▸ WHAT THIS TASK INVOLVES
Lines with the word "base" in them are the ones to copy from the records.

· · ·

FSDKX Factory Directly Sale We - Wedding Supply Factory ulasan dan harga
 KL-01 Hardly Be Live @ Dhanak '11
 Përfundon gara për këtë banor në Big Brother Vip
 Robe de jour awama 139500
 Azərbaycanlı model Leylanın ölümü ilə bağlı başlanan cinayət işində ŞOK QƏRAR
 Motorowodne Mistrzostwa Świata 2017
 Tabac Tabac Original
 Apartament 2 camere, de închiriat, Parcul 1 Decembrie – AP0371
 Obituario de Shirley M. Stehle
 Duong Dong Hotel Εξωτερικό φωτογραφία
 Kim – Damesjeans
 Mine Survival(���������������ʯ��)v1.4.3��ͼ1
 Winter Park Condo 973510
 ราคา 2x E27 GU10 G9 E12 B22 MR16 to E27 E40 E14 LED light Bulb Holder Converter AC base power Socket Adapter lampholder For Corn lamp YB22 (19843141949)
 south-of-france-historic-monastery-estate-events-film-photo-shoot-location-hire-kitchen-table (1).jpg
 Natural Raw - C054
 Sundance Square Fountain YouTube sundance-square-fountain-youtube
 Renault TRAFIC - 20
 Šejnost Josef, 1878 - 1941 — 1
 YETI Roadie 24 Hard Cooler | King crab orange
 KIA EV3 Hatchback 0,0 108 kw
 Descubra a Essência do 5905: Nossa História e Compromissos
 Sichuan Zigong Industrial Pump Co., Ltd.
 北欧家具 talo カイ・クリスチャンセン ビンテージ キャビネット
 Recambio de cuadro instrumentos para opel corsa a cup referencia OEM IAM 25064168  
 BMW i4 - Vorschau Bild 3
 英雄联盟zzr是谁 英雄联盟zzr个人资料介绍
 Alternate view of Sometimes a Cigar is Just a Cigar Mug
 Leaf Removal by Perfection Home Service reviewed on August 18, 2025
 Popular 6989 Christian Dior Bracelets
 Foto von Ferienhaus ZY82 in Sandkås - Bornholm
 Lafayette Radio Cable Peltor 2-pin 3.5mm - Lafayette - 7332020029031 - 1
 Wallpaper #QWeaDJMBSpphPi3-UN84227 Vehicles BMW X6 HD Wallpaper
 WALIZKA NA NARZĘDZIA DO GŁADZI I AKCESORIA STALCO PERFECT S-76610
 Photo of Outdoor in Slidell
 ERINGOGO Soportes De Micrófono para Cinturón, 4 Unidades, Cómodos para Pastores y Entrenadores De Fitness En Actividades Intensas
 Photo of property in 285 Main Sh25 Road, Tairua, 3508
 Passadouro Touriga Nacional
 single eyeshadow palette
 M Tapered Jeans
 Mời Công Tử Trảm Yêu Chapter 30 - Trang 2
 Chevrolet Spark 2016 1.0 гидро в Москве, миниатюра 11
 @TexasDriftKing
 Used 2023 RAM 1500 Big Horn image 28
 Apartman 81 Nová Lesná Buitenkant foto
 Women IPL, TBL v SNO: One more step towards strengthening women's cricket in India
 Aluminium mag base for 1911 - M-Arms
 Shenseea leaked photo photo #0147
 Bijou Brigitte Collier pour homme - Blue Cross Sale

· · ·

▸ ANSWER AREA
 ราคา 2x E27 GU10 G9 E12 B22 MR16 to E27 E40 E14 LED light Bulb Holder Converter AC base power Socket Adapter lampholder For Corn lamp YB22 (19843141949)
 Aluminium mag base for 1911 - M-Arms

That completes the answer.